Valuation of buyout offers has been central to the successes of such bids and what minority owners see as undervaluation has recently derailed similar attempts by majority owners to buy out smaller shareholders.

Minority owners stopped US firm Seaboard from a buyout of Unga Group even though the offer was supported by majority owners Victus limited owned by the Ndegwa family.

The US firm Seaboard made a futile attempt to buy 46.15 percent of Unga group and was frustrated by minority shareholders who felt the Sh40 per share offer was an undervaluation.

Minority shareholders refused to sell their stake in Express Kenya to the CEO and majority shareholder Hector Diniz when he sought to buy out 38.3 percent ordinary shares that were not held by his affiliated companies but ended up only getting 9.78 percent approved.

Former BOC Kenya chairman Ngugi Kiuna also bought more shares in the company after opposing its buyout by Carbacid Investments, taking his ownership closer to the 10 percent threshold that allows one to veto a resolution to delist a publicly traded firm.

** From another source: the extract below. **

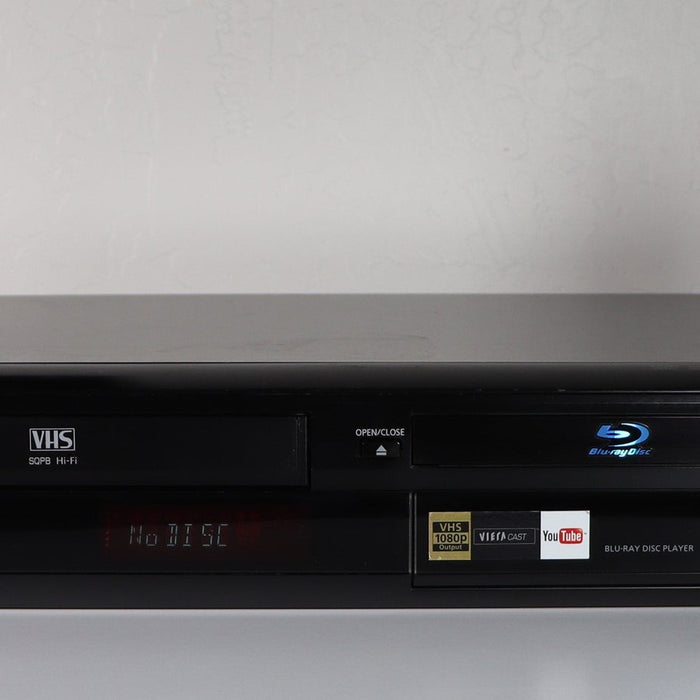 A Blu-Ray Player and a VHS Player in One Device! The rare Panasonic DMP-BD70V Blu-Ray VHS Combo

BOC’s share price has risen to trade at Sh75, significantly above the joint buyout offer of Carbacid and investment firm Aksaya of Sh63.5 per share or a total of Sh1.2 billion.

CVC Capital also faces a huge obstacle in that the listed tea grower’s shares hardly trade with only 9,700 shares- or 0.4 percent of the 2.4 million issued shares traded in the exchange in the period between January to June this year meaning its shareholders are not eager to sell their stakes.

But unlike these firms who had set sights on delisting, Limuru tea however says it has not set out any minimum threshold for the buyout and does not have any immediate plans to delist the tea grower.

“By making this offer, Ekaterra Tea Kenya plc is simply fulfilling its regulatory obligations under Kenyan law, rather than seeking to increase its stake in Limuru,” the firm said in an email.

“ekaterra Kenya will buy any shares that other minority shareholders who choose to sell their shares to ekaterra Kenya under the terms of the Offer but are not looking to reach any specific percentage stake,” the firm said.